First discovered in 1985, endohedral fullerenes are spherical carbon nanostructures that consist of a sturdy fullerene cage made from 60 carbon atoms, inside which the atoms of non-metals or simple molecules, such as nitrogen, phosphorus, and helium, are trapped.

These things aren't just outrageously expensive curiosities - when they contain nitrogen atoms, they actually have the potential to change how we keep time, because of their extra long electron spin lifetime.

Scientists are now investigating the possibility of using them in atomic clocks - the most accurate time-keeping systems in the world - and the Oxford team expects that in the future, they could be used to make all kinds of devices more accurate than ever.

This is because endohedral fullerenes have the potential to downsize atomic clocks from the size of a cabinet to a microchip, so we could install them in our phones or integrate them with our GPS devices, for example. 

If we can figure out how to do that, says Doug Bolton at The Independent, we could have GPS devices that are accurate to within 1 millimetre. That's pretty mind-blowing, when you consider that current GPS devices are accurate to around 1 to 5 metres.

"At the moment, atomic clocks are room-sized. This endohedral fullerene would make it work on a chip that could go into your mobile phone," Lucius Cary, director of the Oxford Technology SEIS fund - which holds a minor stake in Designer Carbon Materials - told Rebecca Burn-Callander at The Telegraph.
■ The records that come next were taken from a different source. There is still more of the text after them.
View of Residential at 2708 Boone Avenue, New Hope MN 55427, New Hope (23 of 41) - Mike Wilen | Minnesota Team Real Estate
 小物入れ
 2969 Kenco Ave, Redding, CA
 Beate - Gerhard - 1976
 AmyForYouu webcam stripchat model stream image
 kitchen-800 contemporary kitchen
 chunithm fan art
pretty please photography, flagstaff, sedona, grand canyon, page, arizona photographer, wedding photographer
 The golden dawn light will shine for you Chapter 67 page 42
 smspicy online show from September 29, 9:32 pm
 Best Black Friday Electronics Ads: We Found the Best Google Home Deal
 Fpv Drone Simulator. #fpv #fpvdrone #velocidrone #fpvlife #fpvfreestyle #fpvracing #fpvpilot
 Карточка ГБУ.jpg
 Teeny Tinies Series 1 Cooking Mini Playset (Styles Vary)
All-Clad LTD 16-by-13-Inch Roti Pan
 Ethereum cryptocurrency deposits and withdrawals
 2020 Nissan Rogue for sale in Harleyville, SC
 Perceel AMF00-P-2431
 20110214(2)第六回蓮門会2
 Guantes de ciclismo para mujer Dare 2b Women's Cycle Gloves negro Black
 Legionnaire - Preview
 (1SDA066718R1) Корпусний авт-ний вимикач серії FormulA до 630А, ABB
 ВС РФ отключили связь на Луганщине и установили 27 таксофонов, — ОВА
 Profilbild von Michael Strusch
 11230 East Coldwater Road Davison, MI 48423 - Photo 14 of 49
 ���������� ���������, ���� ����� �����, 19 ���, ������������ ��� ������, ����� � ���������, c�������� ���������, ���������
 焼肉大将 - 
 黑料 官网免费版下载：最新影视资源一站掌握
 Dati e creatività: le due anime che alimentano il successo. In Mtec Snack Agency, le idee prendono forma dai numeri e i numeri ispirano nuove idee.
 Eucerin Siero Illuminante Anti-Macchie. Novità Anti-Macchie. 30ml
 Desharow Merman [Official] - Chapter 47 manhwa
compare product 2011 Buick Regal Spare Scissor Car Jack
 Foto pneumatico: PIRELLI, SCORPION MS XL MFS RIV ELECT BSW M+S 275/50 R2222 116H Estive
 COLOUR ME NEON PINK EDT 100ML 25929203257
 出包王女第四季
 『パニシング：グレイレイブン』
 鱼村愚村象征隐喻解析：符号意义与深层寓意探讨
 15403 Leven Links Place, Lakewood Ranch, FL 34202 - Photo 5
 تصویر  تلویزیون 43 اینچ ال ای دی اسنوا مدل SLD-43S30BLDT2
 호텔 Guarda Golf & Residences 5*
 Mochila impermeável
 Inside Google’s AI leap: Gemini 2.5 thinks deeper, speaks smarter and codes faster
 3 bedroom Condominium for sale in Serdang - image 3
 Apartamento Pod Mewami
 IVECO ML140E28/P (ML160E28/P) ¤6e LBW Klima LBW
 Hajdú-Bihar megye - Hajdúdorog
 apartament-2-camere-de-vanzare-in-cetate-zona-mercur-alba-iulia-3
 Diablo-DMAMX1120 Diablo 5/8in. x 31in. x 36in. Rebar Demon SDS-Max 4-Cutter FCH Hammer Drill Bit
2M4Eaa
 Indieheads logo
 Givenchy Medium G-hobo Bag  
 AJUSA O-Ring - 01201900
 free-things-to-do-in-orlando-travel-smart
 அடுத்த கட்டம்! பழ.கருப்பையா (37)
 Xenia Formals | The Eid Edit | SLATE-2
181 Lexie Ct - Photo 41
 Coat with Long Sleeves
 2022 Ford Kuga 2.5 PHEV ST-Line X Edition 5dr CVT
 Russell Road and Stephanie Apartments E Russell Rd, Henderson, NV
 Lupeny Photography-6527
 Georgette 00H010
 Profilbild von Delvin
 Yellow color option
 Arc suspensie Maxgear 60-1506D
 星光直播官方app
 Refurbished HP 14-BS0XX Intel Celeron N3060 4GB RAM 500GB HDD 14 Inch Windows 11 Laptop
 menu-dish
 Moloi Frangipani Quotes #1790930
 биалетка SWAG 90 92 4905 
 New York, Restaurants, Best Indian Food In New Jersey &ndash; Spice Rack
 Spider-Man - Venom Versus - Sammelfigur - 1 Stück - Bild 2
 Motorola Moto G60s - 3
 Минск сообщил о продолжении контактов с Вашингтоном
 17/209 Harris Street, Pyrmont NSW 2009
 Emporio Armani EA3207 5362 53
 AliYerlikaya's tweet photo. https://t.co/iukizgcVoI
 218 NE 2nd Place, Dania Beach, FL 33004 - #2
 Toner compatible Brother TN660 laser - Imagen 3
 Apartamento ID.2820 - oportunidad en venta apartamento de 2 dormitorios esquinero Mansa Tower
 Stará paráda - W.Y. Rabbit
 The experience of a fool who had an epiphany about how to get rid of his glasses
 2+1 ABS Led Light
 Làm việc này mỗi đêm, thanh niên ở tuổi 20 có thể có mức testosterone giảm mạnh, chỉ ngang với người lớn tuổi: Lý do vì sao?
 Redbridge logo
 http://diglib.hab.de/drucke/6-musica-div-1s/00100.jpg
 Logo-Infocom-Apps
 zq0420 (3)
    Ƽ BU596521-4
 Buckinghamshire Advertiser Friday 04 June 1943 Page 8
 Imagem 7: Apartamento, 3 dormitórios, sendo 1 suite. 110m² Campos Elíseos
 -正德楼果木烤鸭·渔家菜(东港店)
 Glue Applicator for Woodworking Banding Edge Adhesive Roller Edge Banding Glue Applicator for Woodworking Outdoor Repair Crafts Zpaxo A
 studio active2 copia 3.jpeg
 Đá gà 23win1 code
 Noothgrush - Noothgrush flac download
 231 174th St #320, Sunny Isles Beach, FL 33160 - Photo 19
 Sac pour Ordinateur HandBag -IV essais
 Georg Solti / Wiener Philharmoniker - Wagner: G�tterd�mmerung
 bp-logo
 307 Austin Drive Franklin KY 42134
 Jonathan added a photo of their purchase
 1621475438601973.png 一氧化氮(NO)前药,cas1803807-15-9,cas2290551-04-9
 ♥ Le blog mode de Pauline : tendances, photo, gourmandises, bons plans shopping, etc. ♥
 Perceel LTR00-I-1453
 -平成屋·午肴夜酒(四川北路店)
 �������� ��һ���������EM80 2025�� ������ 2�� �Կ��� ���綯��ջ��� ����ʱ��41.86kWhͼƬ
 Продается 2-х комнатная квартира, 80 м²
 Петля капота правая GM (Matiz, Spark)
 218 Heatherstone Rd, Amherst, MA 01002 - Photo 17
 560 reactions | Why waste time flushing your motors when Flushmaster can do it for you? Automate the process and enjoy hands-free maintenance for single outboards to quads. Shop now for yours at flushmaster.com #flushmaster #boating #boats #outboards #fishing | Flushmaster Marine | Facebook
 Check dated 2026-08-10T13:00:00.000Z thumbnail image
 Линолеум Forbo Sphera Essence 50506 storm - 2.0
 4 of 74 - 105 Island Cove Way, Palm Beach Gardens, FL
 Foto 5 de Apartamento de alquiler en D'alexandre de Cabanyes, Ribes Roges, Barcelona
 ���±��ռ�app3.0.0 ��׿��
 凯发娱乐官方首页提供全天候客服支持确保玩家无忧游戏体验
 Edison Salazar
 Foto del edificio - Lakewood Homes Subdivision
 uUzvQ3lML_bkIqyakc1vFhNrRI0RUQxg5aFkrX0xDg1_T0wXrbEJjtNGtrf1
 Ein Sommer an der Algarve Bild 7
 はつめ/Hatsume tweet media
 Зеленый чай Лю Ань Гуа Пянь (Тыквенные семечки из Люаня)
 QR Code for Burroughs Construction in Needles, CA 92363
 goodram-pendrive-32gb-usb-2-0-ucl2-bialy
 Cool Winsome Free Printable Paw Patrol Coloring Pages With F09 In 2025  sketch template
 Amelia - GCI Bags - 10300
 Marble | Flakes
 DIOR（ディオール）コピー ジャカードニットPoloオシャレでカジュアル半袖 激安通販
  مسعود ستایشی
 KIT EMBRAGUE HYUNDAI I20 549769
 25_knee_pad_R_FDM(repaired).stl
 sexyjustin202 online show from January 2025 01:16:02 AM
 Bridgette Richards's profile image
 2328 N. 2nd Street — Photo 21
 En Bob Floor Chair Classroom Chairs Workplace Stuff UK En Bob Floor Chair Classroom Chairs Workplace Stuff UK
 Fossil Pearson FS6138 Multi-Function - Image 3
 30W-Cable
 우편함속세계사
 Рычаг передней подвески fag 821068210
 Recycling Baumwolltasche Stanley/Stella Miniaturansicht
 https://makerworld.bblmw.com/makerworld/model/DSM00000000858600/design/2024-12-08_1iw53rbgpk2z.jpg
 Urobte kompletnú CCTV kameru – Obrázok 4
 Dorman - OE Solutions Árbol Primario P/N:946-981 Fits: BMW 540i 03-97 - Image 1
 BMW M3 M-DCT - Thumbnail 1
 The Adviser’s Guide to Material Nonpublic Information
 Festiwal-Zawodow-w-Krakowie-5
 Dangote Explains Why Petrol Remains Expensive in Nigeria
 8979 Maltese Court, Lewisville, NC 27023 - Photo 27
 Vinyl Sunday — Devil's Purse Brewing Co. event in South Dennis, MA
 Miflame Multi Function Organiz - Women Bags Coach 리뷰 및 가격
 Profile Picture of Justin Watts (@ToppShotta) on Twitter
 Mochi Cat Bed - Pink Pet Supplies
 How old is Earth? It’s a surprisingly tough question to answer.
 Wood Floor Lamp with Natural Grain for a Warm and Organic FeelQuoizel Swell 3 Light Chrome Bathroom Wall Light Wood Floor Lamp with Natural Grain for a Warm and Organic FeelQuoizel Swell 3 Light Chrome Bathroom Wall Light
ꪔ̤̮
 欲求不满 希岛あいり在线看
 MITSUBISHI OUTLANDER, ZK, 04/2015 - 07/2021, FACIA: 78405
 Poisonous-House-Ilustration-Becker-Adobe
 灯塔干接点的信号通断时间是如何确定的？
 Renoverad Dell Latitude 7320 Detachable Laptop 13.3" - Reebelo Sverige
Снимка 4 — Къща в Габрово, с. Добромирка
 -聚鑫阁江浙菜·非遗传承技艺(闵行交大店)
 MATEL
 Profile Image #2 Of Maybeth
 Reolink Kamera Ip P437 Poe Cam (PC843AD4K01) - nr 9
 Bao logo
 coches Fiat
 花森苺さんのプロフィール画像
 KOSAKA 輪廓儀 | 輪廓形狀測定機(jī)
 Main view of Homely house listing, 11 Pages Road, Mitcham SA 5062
"There will be lots of applications for this technology," he added. "The most obvious is in controlling autonomous vehicles. If two cars are coming towards each other on a country lane, knowing where they are to within 2 metres is not enough, but to 1 mm it is enough."

The only other material on Earth that could rival the astronomical cost of endohedral fullerenes is antimatter, which NASA estimates would cost about US$61 trillion per gram, but no one's in the business of producing antimatter to sell off commercially just yet.

We're still several years away from mini atomic clocks going into our portable devices, but Designer Carbon Materials founder, Kyriakos Porfyrakis, told Andrii Degeler at Ars Technica that the consortium of UK and US researchers that bought their first sample of endohedral fullerene is on the case.